As mentioned previously in my blog, I evolved to direct voice after I noticed that the phonetic samples were getting slightly modified by spirit voices. I reasoned that it should be possible to extract voices directly from a stream of electronically created noise (e.g., radio static).

I don’t know the full history of getting continuous (not just occasional) voices from noise, but it turned out that around the time I started this venture a few years back, I met Keith Clark, who has been running a direct voice from noise stream since the late 2000’s on YouTube. He takes noise generated either mathematically or from a software-defined radio (SDR) and applies a series of denoising filters (software plugins) to extract a continuous voice.

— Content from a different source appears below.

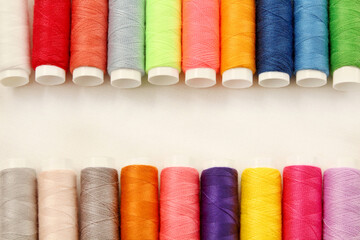 Spool of sewing threads multicolored on white cotton fabric with copy space for design art work.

From my work experience, I knew about two denoising methods: spectral subtraction and machine learning.  At first, I experimented a lot with spectral subtraction using the ReaFir Noise Gate plugin run in FL Studio. This plugin allows detailed setting of a frequency-dependent “gate.” When a particular window of samples in time (e.g., N = 2048) has a frequency amplitude over the defined gate/threshold, that “note” is played. Any frequency amplitudes below are made silent. For low noise situations, spectral subtraction is a very solid method. However, as the noise volume gets larger vs. the voice, the algorithm can produce a lot of musical tone artifacts. The waveform editor, Audacity uses a similar spectral subtraction method to denoise signals.

Spirit voice, especially continuous, is exceptionally low volume compared to electrical noise. One spirit once suggested it was, on average, 1/500th the volume of random noise. Applying a strong spectral gate will yield something that sounds more like a bunch of tones than a coherent voice.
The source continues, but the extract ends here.